Check each line below for the word "Classics". How many have it? Answer with the number only.

[Dataset records]
::::::::
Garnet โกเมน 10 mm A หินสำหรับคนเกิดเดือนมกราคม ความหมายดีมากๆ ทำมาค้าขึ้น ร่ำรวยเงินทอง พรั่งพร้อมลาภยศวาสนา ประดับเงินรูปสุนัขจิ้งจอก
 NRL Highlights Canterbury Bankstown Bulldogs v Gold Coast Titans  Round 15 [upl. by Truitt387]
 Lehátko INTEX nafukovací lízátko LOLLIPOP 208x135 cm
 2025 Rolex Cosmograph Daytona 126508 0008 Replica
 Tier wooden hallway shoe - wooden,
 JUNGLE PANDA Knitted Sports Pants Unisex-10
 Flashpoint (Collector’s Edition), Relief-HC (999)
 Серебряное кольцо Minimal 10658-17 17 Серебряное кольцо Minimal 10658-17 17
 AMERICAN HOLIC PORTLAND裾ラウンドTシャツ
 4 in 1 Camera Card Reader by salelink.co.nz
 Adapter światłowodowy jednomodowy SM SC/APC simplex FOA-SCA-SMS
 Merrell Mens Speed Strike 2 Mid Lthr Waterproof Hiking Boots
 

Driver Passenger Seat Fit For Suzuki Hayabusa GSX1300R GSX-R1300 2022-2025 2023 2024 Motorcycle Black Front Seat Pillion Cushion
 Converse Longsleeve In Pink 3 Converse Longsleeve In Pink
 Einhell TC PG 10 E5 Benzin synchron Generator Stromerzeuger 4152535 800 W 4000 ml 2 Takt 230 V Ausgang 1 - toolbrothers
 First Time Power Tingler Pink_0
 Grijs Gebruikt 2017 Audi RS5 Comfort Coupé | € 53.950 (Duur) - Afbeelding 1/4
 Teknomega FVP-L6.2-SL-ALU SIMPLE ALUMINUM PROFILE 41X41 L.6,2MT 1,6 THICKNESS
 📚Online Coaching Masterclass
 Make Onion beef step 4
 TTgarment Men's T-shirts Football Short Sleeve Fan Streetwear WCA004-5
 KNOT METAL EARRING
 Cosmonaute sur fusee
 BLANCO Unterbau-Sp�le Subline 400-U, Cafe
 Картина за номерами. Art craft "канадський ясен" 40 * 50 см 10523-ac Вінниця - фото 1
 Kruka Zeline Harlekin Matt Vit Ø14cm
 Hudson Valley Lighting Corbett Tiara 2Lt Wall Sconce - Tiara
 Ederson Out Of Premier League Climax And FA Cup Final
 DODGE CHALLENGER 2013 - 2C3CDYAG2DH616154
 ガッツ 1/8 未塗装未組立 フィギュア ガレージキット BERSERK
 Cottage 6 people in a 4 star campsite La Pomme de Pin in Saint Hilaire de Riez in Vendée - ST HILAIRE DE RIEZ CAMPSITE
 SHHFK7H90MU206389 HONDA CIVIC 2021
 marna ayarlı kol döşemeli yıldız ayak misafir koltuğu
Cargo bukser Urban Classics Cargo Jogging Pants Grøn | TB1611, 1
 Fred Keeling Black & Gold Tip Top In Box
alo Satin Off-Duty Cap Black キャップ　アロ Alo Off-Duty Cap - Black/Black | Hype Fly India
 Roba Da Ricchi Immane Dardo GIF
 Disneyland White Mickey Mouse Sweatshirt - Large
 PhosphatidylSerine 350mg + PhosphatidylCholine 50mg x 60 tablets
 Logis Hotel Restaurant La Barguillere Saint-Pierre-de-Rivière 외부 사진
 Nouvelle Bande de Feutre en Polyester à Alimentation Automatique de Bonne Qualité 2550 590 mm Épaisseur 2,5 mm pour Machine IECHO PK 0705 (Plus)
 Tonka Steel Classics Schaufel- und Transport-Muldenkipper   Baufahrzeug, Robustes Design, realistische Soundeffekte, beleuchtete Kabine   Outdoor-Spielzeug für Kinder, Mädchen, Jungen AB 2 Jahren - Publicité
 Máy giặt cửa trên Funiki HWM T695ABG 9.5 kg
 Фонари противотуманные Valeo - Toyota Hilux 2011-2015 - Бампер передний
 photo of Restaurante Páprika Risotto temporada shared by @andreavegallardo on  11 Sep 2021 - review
::::::::
SOLVED PROBLEM
2